Autoscaling Workers Based on Custom Prom Metrics, For one specific activity in the queue

Hey Guys, Currently, I am trying to deploy my workers in autoscaling mode. But autoscaling based on resource usage is not that helpful.
In my workflow, I have multiple activities, of which only one (let’s call it the BigActivity) takes a long time and is resource-intensive. So I want to scale my workers based on the number of BigActivity activities in the queue(1 BigActivity vs 1 Worker).
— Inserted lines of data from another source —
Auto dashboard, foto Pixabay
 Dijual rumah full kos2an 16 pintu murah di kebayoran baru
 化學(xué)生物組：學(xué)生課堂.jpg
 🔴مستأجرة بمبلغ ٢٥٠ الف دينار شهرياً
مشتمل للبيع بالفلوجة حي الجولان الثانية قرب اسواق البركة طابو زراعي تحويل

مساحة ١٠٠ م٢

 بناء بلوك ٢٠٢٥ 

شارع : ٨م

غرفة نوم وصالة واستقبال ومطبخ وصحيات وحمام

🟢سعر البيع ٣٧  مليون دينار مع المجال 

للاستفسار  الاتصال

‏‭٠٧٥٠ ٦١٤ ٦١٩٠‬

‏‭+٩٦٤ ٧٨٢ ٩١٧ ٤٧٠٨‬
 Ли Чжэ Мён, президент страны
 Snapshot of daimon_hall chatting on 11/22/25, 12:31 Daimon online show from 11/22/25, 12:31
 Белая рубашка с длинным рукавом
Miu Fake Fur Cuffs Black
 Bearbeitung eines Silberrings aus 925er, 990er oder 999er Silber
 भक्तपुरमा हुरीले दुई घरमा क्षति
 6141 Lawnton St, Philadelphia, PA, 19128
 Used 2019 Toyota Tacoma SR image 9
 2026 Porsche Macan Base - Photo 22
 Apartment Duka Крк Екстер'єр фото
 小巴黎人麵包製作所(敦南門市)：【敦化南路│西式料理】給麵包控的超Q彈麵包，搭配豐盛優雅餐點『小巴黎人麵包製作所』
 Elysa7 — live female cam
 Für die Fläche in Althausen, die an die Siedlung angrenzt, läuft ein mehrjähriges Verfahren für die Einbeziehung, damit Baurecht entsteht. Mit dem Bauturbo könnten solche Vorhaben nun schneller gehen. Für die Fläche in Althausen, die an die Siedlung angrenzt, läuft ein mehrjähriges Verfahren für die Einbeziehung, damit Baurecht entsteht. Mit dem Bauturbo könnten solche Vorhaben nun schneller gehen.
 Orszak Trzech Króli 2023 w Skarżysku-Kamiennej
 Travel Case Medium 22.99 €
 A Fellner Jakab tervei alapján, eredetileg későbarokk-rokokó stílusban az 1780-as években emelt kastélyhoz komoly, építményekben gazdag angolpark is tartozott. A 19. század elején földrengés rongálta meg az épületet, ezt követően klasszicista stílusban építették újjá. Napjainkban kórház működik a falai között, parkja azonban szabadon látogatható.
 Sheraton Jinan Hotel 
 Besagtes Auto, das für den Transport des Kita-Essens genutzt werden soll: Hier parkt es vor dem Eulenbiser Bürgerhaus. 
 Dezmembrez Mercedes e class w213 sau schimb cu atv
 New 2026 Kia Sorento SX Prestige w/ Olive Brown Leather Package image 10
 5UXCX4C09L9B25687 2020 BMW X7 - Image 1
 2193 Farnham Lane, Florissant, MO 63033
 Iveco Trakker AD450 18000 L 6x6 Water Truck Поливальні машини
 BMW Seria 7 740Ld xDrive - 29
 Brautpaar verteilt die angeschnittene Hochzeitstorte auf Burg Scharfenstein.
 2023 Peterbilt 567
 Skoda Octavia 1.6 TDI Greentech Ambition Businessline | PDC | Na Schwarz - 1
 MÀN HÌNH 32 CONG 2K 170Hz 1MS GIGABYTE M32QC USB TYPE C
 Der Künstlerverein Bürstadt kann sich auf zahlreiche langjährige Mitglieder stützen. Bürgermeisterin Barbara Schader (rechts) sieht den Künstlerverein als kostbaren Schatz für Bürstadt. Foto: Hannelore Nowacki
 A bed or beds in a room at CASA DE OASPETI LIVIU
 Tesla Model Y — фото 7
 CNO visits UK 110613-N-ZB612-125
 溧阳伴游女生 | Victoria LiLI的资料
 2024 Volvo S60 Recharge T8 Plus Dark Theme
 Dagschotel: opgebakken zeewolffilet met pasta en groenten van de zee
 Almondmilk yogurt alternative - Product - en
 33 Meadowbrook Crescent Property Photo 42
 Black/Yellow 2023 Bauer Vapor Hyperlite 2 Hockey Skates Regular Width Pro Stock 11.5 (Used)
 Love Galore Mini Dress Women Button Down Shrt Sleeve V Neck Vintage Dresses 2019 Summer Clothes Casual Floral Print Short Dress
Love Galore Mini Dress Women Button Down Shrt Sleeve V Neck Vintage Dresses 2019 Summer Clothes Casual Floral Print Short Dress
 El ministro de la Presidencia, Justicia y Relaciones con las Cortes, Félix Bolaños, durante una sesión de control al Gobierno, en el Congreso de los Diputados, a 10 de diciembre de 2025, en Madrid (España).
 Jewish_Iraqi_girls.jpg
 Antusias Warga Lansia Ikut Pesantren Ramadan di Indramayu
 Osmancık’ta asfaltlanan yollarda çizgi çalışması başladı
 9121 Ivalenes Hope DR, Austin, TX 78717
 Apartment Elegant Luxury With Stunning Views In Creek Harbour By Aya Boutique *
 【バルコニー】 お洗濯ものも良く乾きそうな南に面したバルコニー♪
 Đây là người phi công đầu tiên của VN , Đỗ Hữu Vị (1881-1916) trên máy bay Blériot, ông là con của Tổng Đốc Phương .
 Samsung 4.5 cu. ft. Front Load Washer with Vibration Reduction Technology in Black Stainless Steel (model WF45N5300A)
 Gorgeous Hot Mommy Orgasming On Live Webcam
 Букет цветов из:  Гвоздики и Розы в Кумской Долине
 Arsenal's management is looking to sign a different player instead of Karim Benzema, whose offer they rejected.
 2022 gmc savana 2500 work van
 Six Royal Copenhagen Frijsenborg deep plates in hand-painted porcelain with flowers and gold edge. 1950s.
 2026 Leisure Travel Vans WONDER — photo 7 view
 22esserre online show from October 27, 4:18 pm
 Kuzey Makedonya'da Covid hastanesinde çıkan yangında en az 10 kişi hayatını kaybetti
But in prom metrics, I don’t see any metrics related to this, or may be schedule latency for a specific activity type.

Part 2: I am also planning to run this activity in separate workers using a seperate queue, but question remains same, on which metric to auto-scale.

Yes would separate this BigActivity on its own task queue and have dedicated activity workers for it.
One thing you can consider scaling on is activity worker task slots available -
Temporal SDK metrics reference | Temporal Documentation for worker_type=ActivityWorker and filter on this activities task queue.
If this metrics depletes or goes to 0 meaning all your workers are processing max configured activity tasks could mean you need to scale up if you want to process more.
CPU on those activity workers can also be a good indication in combination to this to scale on.

If you have service metrics available one more indication of task backlog is

sum(rate(persistence_requests{operation=“CreateTask”}[1m]))

meaning CreateTask would be recorded only when a task is not dispatched to your worker right away but had to be persisted as no pollers were availabe at that time to dispatch to.